|Spring greens for equinox|
|Are you feeling the stirring of springtime? Sensing the plants calling you? We are now at equinox! |
It’s been a challenging winter--recently we've seen nature’s elements freezing back tender plant shoots (or burying them in snow, depending on where you live). The herbs and flowers are looking a bit ruffled, with dead leaves around their shoulders as they are emerging from the underground time of year.

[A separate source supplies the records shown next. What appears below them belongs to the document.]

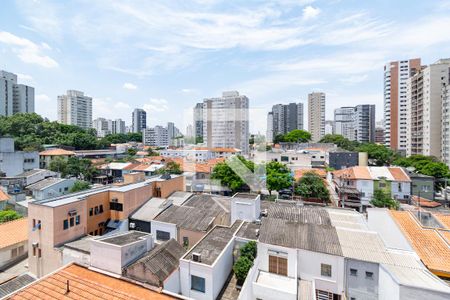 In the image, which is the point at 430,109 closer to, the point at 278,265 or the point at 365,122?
the point at 365,122

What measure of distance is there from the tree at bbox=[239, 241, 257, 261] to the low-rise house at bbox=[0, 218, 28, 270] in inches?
441

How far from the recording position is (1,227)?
12023 mm

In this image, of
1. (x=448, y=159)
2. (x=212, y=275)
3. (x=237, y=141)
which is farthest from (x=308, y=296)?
(x=448, y=159)

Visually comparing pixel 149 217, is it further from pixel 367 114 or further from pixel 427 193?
pixel 367 114

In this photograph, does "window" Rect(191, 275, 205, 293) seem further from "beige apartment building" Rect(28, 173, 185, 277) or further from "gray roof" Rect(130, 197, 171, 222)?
"beige apartment building" Rect(28, 173, 185, 277)

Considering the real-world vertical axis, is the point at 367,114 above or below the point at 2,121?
above

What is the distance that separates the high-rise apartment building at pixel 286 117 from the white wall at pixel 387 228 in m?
68.6

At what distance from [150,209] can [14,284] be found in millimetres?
6296

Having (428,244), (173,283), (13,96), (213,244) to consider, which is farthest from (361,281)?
(13,96)

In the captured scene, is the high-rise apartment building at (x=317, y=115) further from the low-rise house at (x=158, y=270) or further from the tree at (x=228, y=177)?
the low-rise house at (x=158, y=270)

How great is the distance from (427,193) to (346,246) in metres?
20.4


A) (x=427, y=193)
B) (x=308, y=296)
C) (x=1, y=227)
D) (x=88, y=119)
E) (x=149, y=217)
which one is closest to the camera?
(x=308, y=296)

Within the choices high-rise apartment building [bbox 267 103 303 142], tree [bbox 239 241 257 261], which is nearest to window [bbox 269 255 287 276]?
tree [bbox 239 241 257 261]

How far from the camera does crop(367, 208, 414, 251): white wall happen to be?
8984mm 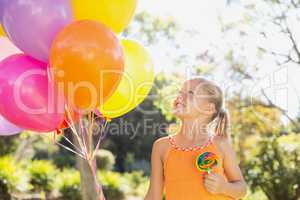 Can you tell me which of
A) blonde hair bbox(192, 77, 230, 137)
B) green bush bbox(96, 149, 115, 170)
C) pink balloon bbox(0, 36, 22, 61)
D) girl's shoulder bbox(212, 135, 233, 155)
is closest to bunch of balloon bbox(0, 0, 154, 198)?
pink balloon bbox(0, 36, 22, 61)

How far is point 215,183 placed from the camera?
2.58 meters

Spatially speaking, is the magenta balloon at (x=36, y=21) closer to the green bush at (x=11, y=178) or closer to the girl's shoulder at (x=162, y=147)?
the girl's shoulder at (x=162, y=147)

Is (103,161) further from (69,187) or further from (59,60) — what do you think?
(59,60)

And we may feel the same way, gazing around in wonder at the world beginning to blossom around us. We may also be surprised by our own strength and resilience--like the plants, finding the stamina to survive through challenging times.
Dandelion and nettles are two favorite early spring greens for wise woman herbalists to bring into the kitchen.
A healthy addition to salad, dandelion is also tasty as a dip made by chopping and combining it with soft cheese or yogurt, garlic, a pinch of salt and a squeeze of lemon.
Tonifying for the liver and gallbladder, dandelion supports our bodies in filtering our blood. In the Wise Woman Tradition, we turn attention away from the Heroic focus on "cleansing," to nourishment. By calling in the support of plants like dandelion to nourish the organs that filter our blood, we embrace our bodies in an act of self love.
With its rich, buttery flavor, stinging nettle soup is a fun wild food dish to share with friends and family (see recipe in sidebar). Don’t worry, once cooked, nettles loses its sting. Just remember your gloves when you head out to the nettles patch!
With extremely high levels of chlorophyll and minerals, nettles are deeply nourishing for kidneys and adrenals. Known for building bones and supporting the smooth functioning of the nervous, hormonal, and immune systems, nettles also reduce the symptoms from allergies.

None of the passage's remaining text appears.